2016-02-10 08:21 AM
I am using Embitz as IDE and a NucleoL152 as development platform.
I tried this thing. An array of integers of 1024 elements (from 0 to 1023) was copied to two different arrays, one using CPU memory transfer and the other using DMA memory to memory transfer. When the two transfer operation started two digital output pin were set and when the corresponding operation ended the corresponding pin was reset. Then I used an oscilloscope to measure the transfer time in the two case, changing the compiler optimization to -O0 (no optimization for speed), -O1 (optimize for speed), -O2 (optimize even more for speed), -O3 (full optimization for speed).In the case of DMA memory to memory transfer the time was always in the range 220 to 238 us for all optimization options.

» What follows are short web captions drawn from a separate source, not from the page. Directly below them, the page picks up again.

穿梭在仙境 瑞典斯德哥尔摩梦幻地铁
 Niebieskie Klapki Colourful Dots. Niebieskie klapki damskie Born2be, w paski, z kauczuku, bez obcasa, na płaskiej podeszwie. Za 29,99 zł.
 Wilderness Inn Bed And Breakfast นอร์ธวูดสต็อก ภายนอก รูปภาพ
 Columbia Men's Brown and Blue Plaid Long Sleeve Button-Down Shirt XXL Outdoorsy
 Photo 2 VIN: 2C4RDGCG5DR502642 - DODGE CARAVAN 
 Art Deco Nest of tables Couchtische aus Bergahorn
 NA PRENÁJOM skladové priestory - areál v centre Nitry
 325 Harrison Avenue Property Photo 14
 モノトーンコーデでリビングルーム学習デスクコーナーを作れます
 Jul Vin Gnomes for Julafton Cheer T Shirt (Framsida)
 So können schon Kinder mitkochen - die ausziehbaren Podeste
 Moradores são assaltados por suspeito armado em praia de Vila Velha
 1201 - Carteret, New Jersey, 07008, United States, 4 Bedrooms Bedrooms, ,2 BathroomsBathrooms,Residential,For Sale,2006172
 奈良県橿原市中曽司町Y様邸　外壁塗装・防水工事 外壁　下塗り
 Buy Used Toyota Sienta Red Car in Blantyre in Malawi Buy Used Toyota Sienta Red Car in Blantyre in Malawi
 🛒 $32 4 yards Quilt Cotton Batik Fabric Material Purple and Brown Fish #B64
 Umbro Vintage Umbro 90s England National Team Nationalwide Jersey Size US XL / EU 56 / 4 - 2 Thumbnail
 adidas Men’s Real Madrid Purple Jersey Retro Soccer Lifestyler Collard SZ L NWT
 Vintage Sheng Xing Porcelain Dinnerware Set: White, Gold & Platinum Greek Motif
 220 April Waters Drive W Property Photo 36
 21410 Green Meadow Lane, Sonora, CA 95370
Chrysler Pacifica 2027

However, in the case of CPU memory transfer I obtained 1290us for no optimization (-O0), 323us for optimization (-O1), 346us for even more optimization (-O2) and 607us for full optimization (-O3). While I can understand the decrease of time from -O0 to -O1, I really do not understand why it increases for -O2 e -O3. My idea was that the full optimization -O3 should have the minimum time. #compiler-optimization2016-02-11 01:44 PM
It is not like a gas pedal, otherwise, why would anyone use anything other than -0 for debug and -0MAX for release. To understand what the compiler is doing see:
https://gcc.gnu.org/onlinedocs/gcc/Optimize-Options.htmlDid you use memcpy() or did you roll your own copy (copy by bytes or by 32bit words)